SLAC Programs and Facilities Relevant to DOE CSGF Practicum Research
Current Computational Science
- Astrophysics and Cosmology (Tom Abel, Risa Wechsler): Modeling stars and galaxies in the early universe. How did structure form in the universe? How do galaxies form and how can they be used to understand the nature of dark matter and dark energy? The major scientific focus is on new computational algorithms.
- Particle Physics (Makoto Asai, Richard Mount, Charlie Young, Su Dong): Ongoing development of the Geant4 toolkit for the simulation of particle interactions with complex devices.
- SLAC is a collaborator on the Atlas and LHC experiments at Cern studying the fundamental constituents of matter. It is one of a few dozen ATLAS Tier 2 computing centers around the world, and one of only five in the United States, helping distribute and interpret the terabytes of data from the LHC's proton-proton collisions.

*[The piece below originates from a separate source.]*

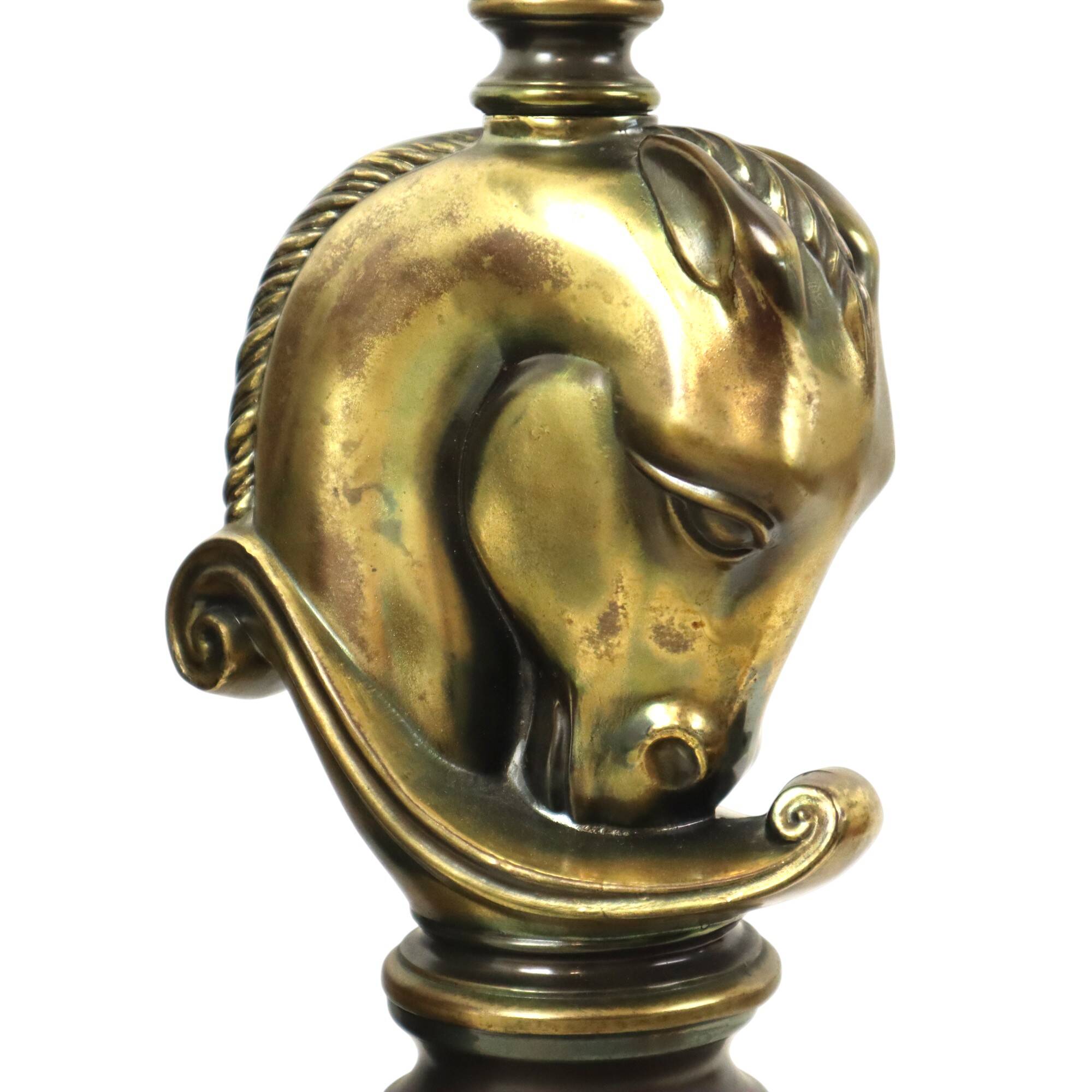 Lusterie Deknudt Vintage Horse Head Table Lamp XL Brass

- Accelerator Modeling - Beam Physics (Yunhai Cai): Modeling of particle transport and radiation in accelerating cavities.
- Accelerator Modeling - Electromagnetic Fields (Cho Ng, Kwok Ko): ACE3P code models all aspects of electromagnetic fields including wakefields, transients, multipacting, dark currents and thermal and mechanical effects. Techniques include nonlinear eigensolvers, adaptive mesh refinement and parallel visualization.

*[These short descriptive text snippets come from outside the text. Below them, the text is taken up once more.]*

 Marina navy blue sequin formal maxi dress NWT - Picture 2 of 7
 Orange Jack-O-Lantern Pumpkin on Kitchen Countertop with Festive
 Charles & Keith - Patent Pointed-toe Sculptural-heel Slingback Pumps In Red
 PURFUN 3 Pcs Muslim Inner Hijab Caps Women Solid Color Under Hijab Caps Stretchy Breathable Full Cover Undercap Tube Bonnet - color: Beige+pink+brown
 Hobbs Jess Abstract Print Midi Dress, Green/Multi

- PULSE - Theory and Simulation of Ultrafast Chemistry (Todd Martinez): Developing theory and simulation techniques to complement the femtosecond-scale time resolution of SLAC's Linac Coherent Light Source.

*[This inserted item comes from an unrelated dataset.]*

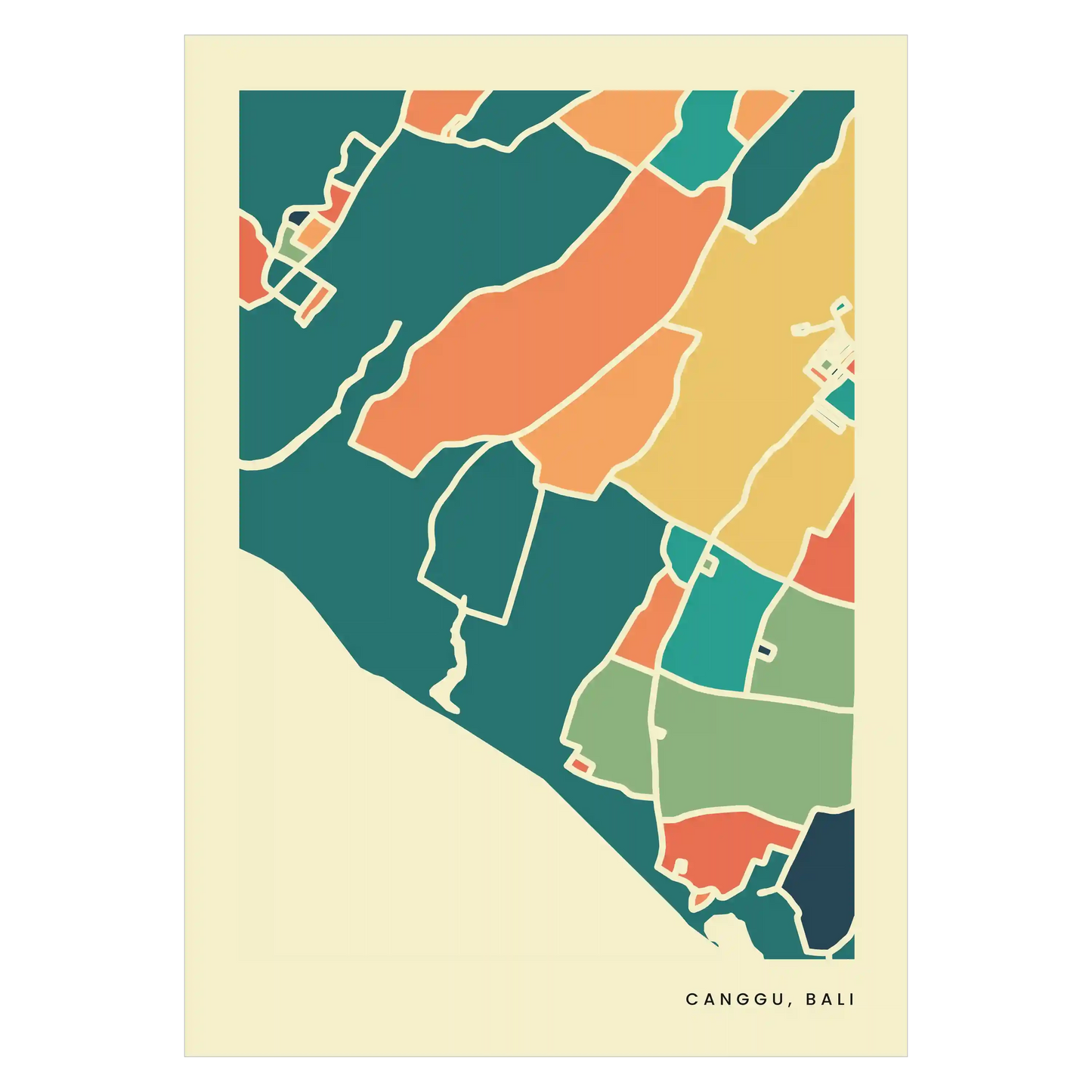 Canggu Bali Stadtkarte Poster – Polychroma Modern Art Print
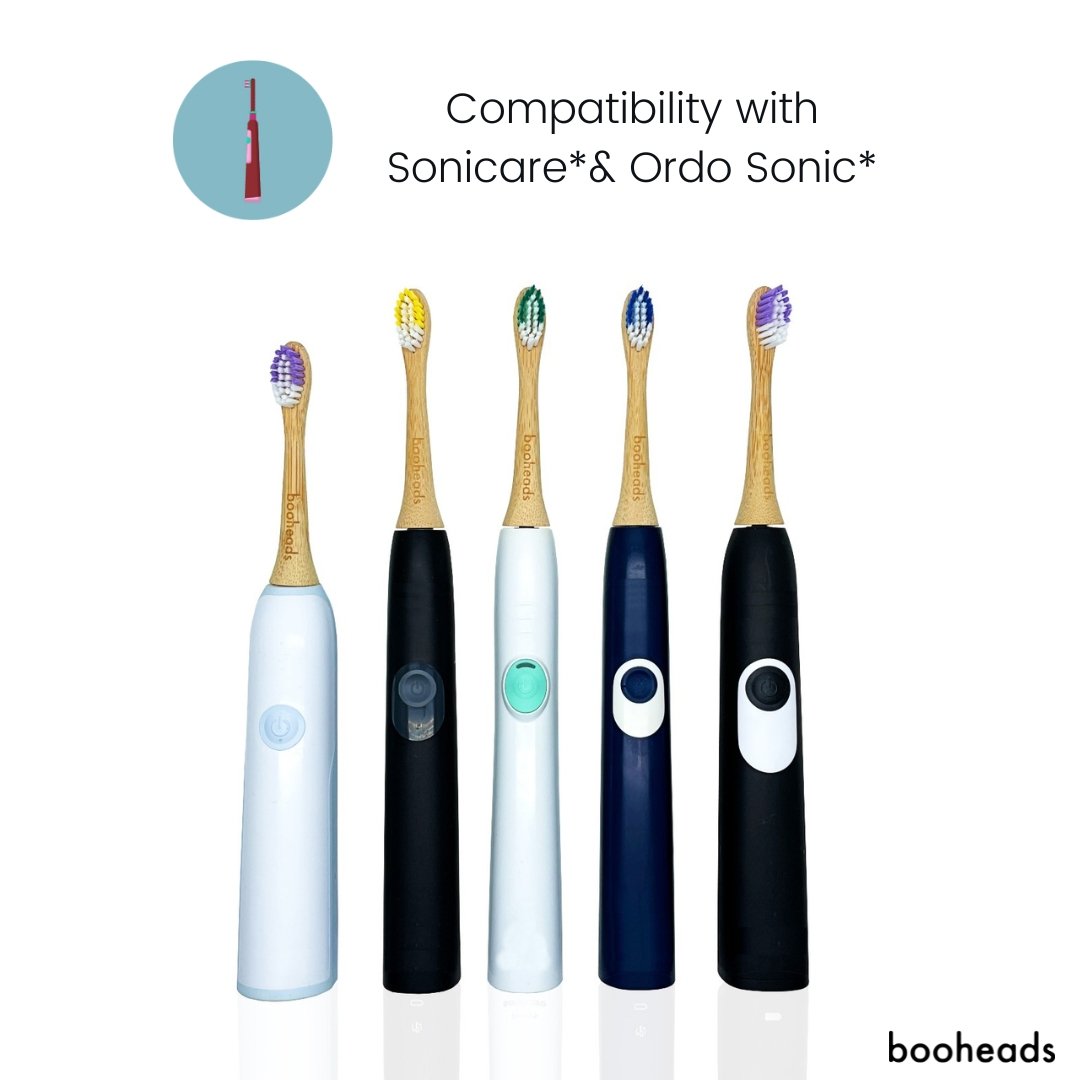 Bamboo Electric Toothbrush Heads | 2 Pieces, Blue & Yellow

- SUNCAT (SUstainable eNergy through CATalysis) (Jens Norskov): Computational screening of potential catalysts. SUNCAT specializes in atomic-level quantum chemistry calculations for computational screening of potential catalysts using Density Functional Theory (DFT) codes.
- SIMES (Stanford Institute for Materials and Energy Sciences) (Tom Devereaux): Perform materials-specific comparative simulations to reveal underlying physics, using a variety of computational methods including non-equilibrium Keldysh techniques, quantum Monte Carlo, exact diagonalization and sparse matrix techniques.